Ainsi, malheureusement, en ce qui concerne la psychothérapie pratiquée par des psychologues à l'échelon national, il n'existe actuellement ni convention tarifaire approuvée ni règlementation fixée dans une telle convention qui règlaient les modalités de l'engagement des personnes en formation postgrade ou en train d'acquérir une expérience pratique ou clinique nécessaire. Les cantons ont donc fixé les tarifs à titre provisoire. Certains assureurs - c'est un droit parfaitement légitime - ont déposé un recours contre cette décision. Dans ces conditions, le Conseil fédéral estime ou considère qu'il ne serait pas judicieux d'intervenir alors qu'une procédure judiciaire est justement en cours. En définitive, il est important de mentionner dans ce contexte que, contrairement à ce que demandent les auteurs de la motion, une modification de l'ordonnance sur les prestations de l'assurance des soins (OPAS) ne permet pas de régler la question du remboursement des prestations fournies par les psychologues et psychothérapeutes en formation. En effet, une analyse plus large serait nécessaire, notamment parce que d'autres groupes professionnels sont concernés. Il faut aussi être conscient qu'une modification du cadre légal prendrait un certain temps. Il semble donc, encore une fois, raisonnable d'attendre la fin de la procédure judiciaire en cours. Cela pourrait, en effet, clarifier cette question plus rapidement.

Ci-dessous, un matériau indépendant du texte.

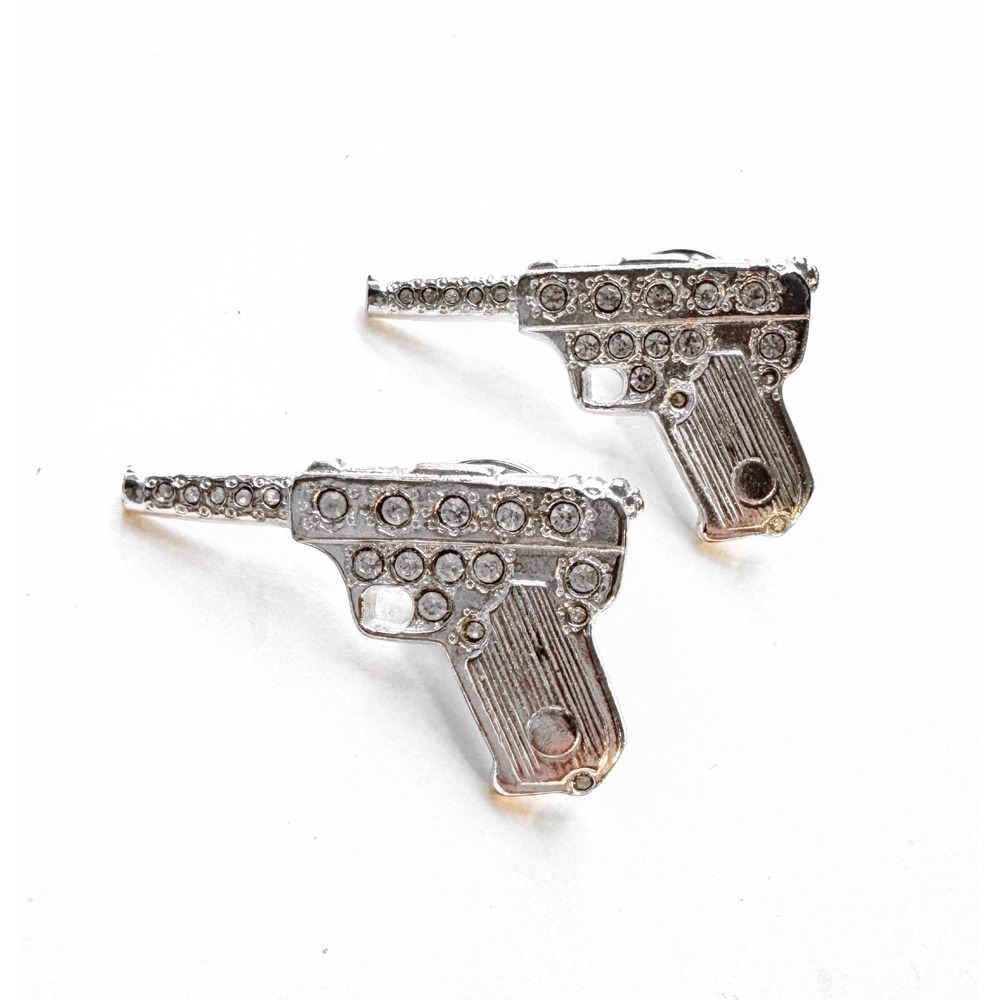 Vintage Yves Saint Laurent YSL Pistols Brooch / Pins Pair Rare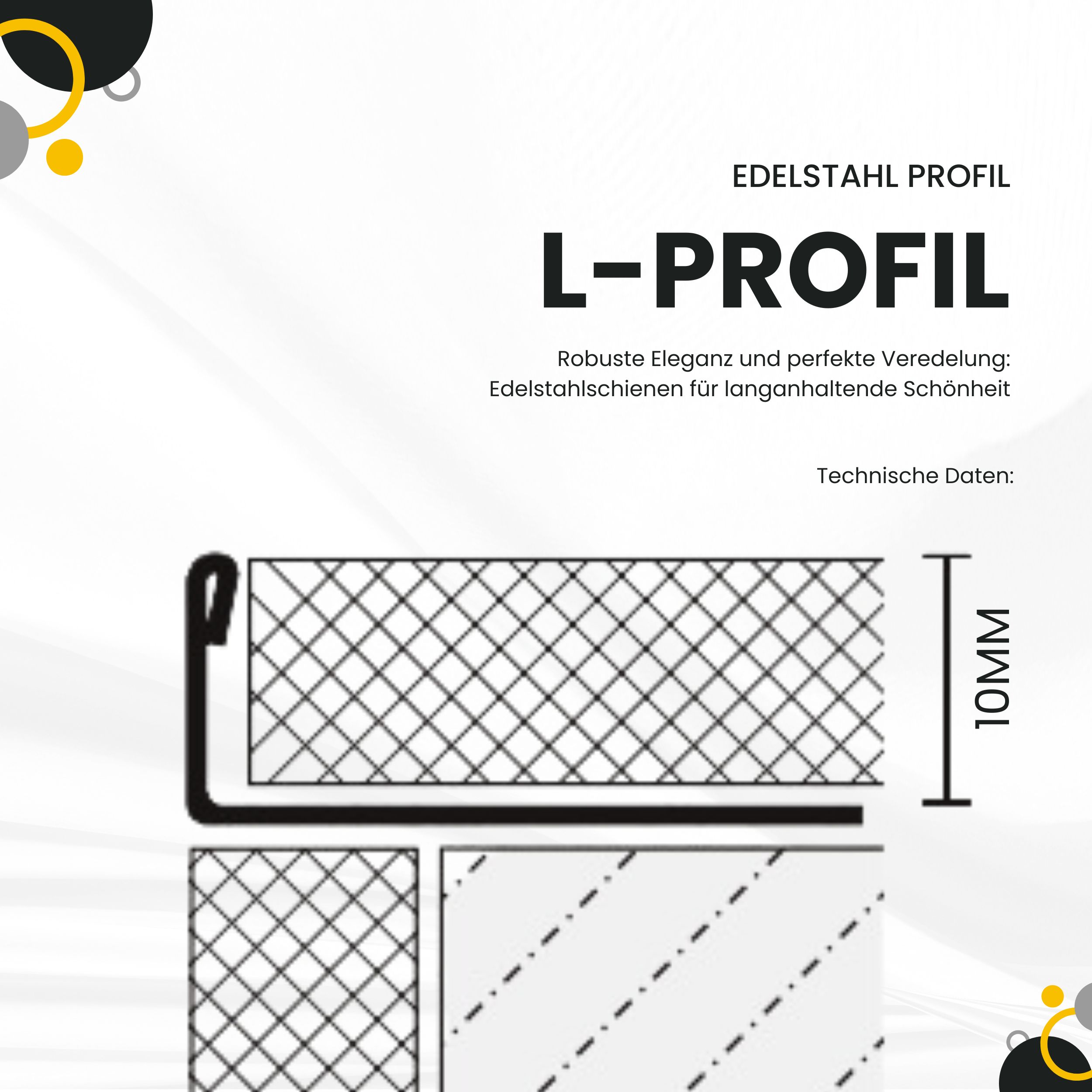 L-Profil Edelstahl Fliesenprofile V2A L250cm 10mm Gold gebürstet L-Profil Edelstahl Fliesenprofile V2A L250cm 10mm Gold gebürstet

Pour terminer, il s'agit des raisons pour lesquelles le Conseil fédéral estime qu'il n'est pas nécessaire d'agir, premièrement parce que la possibilité de facturer les prestations des psychologues et psychothérapeutes en formation par les fournisseurs de prestations admis existe déjà; il n'y a donc pas besoin de le préciser pour une catégorie de fournisseurs de prestations spécifiques. Deuxièmement, la fixation des tarifs et des modalités de remboursement est une tâche qui incombe aux partenaires tarifaires. Troisièmement, des recours concernant cette question ont été déposés et sont en cours de traitement par la justice. Quatrièmement, une modification de l'ordonnance ne permet pas de régler cette problématique, parce qu'il y aurait besoin d'une analyse plus large concernant d'autres prestataires et également de pas mal de temps. [PAGE 1267]

C'est l'argumentation avec laquelle j'aimerais vous inviter, au nom du Conseil fédéral, à rejeter la motion.